Coupure d'électricité.
Pas pour une heure, pas pour quelques jours, pour toujours.
En ce milieu de 21eme siècle, tout bascule.
On le sentait arriver depuis longtemps.
Il y avait eu les épidémies, le changement climatique.
On le savait, on n'a rien fait.
Nos frères, et nos soeurs surtout, se retrouvent désormais dans un monde d'une hostilité radicale.
Celles nées après la grande panne ne connaîtront de la vie qu'une version désespérante où le seul enjeu est de survivre à chaque journée.
Rebecca, Alice, Nour et Clara, quatre générations qui vivent après nous dans le KO que l'on a créé.

Anticipation, uchronie ou simplement clairvoyance, Hervé le Corre nous plonge dans un monde affreusement crédible. Je ne pense pas que l'auteur ait la moindre vocation de prédicateur ni même de moralisateur mais le lecteur un temps soit peu sensé ne pourra s'empêcher de réfléchir.

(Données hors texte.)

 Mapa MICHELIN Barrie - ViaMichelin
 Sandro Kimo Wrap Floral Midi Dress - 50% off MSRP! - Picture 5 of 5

Dommage que les politiques et les financiers ne lisent pas ce bouquin même si je pense que ça leur en toucherait une sans faire bouger l'autre (j'ai toujours rêvé de citer Chirac).

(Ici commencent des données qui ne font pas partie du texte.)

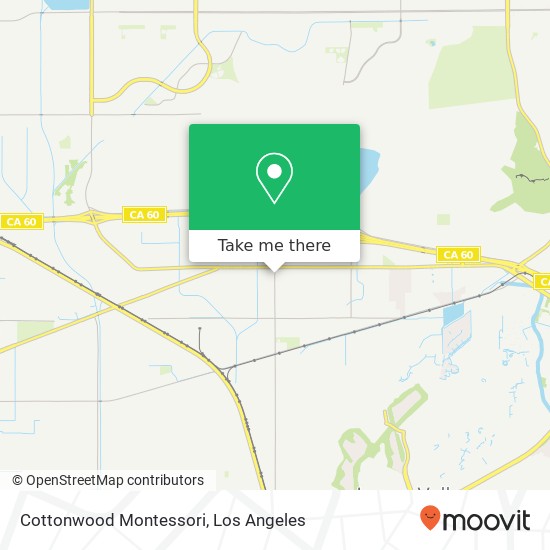 Mapa de Cottonwood Montessori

Si le Corre n'est ni prédicateur ni moralisateur, je pense fermement qu'il est humaniste et dans toute cette noirceur, il parvient à nous faire croire au collectif, à des notions totalement dévalorisées qu'il serait vraiment temps de remettre au goût du jour avant la grande panne.
Il parsème cette tragédie du futur de moments de douceur, nimbe la désolation de lumière avec ces générations de femmes héritières depuis la nuit des temps de la douleur et gardiennes de l'espérance.

Comme souvent, le Corre surprend. Comme toujours son écriture est sans faille. Comme toujours, il me donne le vertige et l'élan.